[Start of Attachment]
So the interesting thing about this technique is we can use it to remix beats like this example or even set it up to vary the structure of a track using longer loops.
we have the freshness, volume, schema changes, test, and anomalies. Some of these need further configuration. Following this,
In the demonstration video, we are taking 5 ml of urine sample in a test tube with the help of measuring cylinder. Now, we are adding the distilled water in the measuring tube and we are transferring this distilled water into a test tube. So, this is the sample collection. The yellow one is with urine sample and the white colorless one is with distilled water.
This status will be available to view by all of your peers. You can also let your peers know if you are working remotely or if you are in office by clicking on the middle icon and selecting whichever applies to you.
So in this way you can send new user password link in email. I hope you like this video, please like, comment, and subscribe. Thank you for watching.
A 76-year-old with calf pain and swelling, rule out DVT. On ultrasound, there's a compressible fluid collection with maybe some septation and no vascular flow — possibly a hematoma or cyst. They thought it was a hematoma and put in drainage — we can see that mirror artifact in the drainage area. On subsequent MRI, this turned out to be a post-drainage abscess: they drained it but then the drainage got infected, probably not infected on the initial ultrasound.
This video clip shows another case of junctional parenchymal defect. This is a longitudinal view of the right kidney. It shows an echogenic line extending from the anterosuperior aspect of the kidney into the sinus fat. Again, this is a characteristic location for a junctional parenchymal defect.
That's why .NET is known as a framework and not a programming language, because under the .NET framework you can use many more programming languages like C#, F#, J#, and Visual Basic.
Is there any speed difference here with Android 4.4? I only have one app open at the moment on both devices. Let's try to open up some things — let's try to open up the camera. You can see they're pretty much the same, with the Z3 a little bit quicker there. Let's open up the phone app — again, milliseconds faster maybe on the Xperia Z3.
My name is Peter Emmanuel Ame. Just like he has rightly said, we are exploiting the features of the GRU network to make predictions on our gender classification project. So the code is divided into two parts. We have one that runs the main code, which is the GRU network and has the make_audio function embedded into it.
[End of Attachment]
**Exercise aim:**
An exact restatement of the data above is required.

**Finished task:**
So the interesting thing about this technique is we can use it to remix beats like this example or even set it up to vary the structure of a track using longer loops.
we have the freshness, volume, schema changes, test, and anomalies. Some of these need further configuration. Following this,
In the demonstration video, we are taking 5 ml of urine sample in a test tube with the help of measuring cylinder. Now, we are adding the distilled water in the measuring tube and we are transferring this distilled water into a test tube. So, this is the sample collection. The yellow one is with urine sample and the white colorless one is with distilled water.
This status will be available to view by all of your peers. You can also let your peers know if you are working remotely or if you are in office by clicking on the middle icon and selecting whichever applies to you.
So in this way you can send new user password link in email. I hope you like this video, please like, comment, and subscribe. Thank you for watching.
A 76-year-old with calf pain and swelling, rule out DVT. On ultrasound, there's a compressible fluid collection with maybe some septation and no vascular flow — possibly a hematoma or cyst. They thought it was a hematoma and put in drainage — we can see that mirror artifact in the drainage area. On subsequent MRI, this turned out to be a post-drainage abscess: they drained it but then the drainage got infected, probably not infected on the initial ultrasound.
This video clip shows another case of junctional parenchymal defect. This is a longitudinal view of the right kidney. It shows an echogenic line extending from the anterosuperior aspect of the kidney into the sinus fat. Again, this is a characteristic location for a junctional parenchymal defect.
That's why .NET is known as a framework and not a programming language, because under the .NET framework you can use many more programming languages like C#, F#, J#, and Visual Basic.
Is there any speed difference here with Android 4.4? I only have one app open at the moment on both devices. Let's try to open up some things — let's try to open up the camera. You can see they're pretty much the same, with the Z3 a little bit quicker there. Let's open up the phone app — again, milliseconds faster maybe on the Xperia Z3.
My name is Peter Emmanuel Ame. Just like he has rightly said, we are exploiting the features of the GRU network to make predictions on our gender classification project. So the code is divided into two parts. We have one that runs the main code, which is the GRU network and has the make_audio function embedded into it.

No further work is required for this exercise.